◆ What is needed
How many lines of the entries hold the string "acid"? Reply with the number alone.

===== Record set

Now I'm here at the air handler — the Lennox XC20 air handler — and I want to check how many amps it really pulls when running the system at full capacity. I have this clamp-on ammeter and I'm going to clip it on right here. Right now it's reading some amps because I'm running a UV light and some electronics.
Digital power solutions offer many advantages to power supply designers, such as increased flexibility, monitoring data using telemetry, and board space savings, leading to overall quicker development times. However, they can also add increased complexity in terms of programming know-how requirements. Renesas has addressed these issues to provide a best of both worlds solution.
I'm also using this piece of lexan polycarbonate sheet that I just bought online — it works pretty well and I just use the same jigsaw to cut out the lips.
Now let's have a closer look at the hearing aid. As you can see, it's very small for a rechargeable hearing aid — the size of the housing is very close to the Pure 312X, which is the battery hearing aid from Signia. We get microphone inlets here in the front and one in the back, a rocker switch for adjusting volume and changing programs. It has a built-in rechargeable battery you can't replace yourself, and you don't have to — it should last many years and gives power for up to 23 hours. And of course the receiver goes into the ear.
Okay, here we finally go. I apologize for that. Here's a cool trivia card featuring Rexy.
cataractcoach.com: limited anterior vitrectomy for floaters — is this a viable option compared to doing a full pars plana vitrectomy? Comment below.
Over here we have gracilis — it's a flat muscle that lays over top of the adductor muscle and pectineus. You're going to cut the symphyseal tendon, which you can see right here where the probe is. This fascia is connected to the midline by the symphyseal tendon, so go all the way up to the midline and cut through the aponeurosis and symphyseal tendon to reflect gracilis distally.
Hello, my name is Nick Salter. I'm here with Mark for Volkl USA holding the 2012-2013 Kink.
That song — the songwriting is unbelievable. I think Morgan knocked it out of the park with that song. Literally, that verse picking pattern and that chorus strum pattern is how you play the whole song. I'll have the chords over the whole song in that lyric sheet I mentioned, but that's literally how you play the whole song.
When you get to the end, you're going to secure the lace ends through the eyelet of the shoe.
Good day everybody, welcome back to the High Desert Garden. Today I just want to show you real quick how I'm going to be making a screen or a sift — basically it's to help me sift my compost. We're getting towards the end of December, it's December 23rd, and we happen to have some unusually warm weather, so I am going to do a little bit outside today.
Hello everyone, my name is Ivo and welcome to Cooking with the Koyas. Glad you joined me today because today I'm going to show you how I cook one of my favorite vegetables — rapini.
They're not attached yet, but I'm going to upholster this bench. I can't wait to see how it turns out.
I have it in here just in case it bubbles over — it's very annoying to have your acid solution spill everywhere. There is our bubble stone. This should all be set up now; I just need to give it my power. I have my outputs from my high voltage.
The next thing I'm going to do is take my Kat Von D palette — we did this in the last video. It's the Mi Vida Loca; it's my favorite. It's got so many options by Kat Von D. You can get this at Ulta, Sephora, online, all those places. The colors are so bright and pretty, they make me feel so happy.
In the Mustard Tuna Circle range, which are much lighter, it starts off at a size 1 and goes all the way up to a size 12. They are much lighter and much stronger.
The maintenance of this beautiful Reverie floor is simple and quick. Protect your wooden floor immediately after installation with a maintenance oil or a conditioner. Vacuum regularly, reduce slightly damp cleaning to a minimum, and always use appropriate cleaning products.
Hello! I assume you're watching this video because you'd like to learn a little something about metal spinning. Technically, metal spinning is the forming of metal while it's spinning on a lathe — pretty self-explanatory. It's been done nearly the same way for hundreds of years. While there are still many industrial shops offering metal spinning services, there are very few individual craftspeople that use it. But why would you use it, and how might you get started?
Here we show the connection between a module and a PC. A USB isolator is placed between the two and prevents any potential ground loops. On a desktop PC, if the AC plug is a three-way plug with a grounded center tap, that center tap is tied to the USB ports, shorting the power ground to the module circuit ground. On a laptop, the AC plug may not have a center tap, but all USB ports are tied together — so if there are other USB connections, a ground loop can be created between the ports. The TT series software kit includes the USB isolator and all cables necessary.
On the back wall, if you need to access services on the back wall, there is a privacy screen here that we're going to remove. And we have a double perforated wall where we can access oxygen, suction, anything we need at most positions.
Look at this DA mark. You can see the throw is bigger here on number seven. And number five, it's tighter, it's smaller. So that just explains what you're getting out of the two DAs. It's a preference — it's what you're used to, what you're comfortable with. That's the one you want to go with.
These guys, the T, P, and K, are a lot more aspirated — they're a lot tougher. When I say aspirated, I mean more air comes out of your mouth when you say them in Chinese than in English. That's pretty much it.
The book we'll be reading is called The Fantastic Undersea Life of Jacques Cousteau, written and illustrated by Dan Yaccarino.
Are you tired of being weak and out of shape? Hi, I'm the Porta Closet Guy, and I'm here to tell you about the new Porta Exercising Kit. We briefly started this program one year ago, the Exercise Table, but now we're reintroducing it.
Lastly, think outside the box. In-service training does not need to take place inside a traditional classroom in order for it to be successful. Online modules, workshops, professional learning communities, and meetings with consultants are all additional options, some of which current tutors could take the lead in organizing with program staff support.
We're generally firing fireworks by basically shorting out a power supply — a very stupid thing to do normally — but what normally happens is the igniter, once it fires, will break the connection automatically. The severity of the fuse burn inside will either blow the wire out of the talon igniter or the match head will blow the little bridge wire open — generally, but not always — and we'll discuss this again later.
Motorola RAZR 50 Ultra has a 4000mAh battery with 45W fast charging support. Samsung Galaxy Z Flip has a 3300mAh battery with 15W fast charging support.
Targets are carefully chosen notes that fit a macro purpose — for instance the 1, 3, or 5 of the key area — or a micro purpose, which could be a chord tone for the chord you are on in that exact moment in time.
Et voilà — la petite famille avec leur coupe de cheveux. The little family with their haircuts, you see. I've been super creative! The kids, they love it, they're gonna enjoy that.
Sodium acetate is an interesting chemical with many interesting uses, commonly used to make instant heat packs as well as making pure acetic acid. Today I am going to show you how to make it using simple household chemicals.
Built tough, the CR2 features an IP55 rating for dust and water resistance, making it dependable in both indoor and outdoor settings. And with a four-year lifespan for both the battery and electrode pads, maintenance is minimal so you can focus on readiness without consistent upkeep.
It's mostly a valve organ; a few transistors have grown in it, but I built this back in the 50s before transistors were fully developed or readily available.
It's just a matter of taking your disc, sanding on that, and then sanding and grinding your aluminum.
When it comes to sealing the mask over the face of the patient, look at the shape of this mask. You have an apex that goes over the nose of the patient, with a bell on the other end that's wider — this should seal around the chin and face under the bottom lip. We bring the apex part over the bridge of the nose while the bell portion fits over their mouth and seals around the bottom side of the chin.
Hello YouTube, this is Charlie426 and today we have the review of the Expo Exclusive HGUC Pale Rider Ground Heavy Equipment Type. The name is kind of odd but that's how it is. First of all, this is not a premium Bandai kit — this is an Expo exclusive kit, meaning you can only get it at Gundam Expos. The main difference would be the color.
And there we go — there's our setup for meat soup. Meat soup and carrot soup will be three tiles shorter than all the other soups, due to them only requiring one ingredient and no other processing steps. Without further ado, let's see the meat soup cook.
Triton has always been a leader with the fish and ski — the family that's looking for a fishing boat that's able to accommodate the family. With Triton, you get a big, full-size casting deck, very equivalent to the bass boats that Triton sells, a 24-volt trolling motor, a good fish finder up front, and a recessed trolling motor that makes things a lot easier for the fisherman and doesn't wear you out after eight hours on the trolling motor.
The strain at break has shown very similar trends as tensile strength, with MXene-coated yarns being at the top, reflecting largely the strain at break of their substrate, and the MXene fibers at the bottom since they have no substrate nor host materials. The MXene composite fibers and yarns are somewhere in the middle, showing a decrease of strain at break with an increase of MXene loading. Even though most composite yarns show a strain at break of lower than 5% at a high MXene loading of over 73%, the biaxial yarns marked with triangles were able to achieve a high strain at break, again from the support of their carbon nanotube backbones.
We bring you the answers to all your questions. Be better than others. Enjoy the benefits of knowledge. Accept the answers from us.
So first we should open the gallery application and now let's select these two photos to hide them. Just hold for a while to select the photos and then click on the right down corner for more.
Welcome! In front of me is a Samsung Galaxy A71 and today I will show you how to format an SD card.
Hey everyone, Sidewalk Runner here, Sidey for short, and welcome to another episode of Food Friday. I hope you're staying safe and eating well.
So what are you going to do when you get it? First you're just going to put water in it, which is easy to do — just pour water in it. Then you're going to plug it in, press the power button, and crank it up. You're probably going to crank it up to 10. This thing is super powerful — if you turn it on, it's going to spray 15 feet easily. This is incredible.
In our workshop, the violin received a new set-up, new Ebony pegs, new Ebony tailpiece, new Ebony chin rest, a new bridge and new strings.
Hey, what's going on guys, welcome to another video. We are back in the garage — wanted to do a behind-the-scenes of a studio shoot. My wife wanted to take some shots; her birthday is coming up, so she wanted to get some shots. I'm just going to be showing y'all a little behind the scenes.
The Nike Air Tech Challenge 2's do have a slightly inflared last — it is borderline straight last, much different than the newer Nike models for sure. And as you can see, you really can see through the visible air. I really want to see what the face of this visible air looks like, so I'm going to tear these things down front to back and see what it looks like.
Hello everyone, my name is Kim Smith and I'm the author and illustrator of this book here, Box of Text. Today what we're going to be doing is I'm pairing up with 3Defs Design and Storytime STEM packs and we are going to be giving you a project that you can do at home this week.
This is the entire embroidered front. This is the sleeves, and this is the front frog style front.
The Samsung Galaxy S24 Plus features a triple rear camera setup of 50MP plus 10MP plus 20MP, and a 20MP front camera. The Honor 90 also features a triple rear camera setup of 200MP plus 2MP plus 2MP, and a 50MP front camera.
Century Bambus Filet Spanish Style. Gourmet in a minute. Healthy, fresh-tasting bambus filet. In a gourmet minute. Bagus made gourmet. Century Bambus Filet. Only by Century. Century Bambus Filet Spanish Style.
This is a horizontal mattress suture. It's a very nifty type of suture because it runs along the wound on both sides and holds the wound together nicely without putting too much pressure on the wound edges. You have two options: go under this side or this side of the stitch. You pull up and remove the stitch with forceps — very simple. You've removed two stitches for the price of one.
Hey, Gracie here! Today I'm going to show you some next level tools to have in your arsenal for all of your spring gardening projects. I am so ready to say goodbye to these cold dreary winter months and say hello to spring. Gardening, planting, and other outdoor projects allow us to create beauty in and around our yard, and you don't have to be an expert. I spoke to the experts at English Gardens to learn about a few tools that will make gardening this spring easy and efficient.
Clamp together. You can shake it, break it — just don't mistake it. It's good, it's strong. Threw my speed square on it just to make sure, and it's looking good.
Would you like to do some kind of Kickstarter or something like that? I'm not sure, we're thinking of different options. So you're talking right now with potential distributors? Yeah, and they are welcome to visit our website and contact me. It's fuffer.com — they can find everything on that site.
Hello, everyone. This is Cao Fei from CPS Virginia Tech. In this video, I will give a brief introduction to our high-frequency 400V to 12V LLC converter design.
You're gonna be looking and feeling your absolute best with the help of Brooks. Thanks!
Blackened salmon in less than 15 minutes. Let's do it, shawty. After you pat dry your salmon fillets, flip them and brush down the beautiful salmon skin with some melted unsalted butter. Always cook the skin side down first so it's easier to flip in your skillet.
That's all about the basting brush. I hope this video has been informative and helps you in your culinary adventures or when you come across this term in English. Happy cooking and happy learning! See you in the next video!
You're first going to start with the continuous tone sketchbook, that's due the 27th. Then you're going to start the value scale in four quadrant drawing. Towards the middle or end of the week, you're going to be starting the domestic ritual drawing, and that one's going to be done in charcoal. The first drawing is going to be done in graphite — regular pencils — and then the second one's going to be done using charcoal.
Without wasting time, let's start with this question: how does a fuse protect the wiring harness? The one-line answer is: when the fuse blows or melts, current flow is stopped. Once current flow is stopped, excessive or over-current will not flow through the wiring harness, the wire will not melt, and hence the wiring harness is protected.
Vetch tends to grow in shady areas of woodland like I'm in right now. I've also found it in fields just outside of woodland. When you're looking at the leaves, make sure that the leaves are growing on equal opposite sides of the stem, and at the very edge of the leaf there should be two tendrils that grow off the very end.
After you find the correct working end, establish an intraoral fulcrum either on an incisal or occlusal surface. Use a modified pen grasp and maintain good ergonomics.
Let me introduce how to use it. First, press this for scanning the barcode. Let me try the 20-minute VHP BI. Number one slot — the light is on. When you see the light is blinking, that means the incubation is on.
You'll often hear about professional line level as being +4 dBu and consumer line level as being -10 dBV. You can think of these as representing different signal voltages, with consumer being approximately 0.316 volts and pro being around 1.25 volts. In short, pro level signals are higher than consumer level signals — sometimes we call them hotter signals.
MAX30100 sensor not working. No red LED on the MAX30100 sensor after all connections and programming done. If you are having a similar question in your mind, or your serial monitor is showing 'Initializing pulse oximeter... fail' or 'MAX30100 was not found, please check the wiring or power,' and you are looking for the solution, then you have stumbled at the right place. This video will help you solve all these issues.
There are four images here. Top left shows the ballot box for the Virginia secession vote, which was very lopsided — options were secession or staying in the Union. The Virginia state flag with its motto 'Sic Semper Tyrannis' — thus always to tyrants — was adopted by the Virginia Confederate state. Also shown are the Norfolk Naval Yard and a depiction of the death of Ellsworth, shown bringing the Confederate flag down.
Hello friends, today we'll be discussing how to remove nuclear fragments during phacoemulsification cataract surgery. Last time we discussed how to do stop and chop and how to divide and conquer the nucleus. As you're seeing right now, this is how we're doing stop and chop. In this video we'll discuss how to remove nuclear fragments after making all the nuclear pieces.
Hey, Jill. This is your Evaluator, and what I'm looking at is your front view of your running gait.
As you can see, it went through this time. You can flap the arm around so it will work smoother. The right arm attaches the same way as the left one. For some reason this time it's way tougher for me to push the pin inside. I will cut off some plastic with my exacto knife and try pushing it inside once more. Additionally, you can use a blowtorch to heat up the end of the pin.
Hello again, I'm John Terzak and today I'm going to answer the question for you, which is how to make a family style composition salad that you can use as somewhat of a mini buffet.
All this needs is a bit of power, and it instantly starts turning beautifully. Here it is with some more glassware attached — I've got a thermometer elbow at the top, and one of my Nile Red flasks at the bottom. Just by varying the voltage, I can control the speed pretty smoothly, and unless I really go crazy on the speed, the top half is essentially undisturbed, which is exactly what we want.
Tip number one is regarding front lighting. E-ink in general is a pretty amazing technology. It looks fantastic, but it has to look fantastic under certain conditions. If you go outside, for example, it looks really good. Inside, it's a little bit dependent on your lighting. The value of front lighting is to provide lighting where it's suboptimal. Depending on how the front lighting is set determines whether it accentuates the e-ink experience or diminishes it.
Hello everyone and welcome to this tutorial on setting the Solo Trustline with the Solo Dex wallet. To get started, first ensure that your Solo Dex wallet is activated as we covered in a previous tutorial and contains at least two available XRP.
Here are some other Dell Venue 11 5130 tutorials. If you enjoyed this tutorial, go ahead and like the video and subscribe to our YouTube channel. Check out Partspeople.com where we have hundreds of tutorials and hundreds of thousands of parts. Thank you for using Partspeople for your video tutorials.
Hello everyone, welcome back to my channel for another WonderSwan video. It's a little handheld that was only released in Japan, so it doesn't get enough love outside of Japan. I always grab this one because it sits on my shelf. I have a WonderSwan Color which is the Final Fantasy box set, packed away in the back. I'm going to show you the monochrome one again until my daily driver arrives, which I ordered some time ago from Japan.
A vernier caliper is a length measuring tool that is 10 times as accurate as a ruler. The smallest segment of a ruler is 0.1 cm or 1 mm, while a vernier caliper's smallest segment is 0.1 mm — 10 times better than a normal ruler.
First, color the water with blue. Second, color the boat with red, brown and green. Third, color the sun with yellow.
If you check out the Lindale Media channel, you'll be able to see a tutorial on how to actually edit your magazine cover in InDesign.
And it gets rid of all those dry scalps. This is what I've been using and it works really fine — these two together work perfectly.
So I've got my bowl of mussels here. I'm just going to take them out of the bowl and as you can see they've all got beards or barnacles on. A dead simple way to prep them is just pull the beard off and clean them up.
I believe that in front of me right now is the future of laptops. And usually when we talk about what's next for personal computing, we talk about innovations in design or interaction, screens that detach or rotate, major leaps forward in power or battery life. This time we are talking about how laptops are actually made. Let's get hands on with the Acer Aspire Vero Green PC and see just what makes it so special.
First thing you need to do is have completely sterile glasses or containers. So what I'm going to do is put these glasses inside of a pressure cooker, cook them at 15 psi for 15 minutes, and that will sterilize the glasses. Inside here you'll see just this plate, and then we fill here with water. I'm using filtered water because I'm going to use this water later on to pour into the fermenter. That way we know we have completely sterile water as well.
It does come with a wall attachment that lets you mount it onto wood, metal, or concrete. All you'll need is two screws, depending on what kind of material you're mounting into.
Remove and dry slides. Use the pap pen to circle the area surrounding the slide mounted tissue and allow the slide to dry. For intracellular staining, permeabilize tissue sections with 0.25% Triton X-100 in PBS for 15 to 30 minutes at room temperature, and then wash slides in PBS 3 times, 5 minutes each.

==========

◆ Answer space
2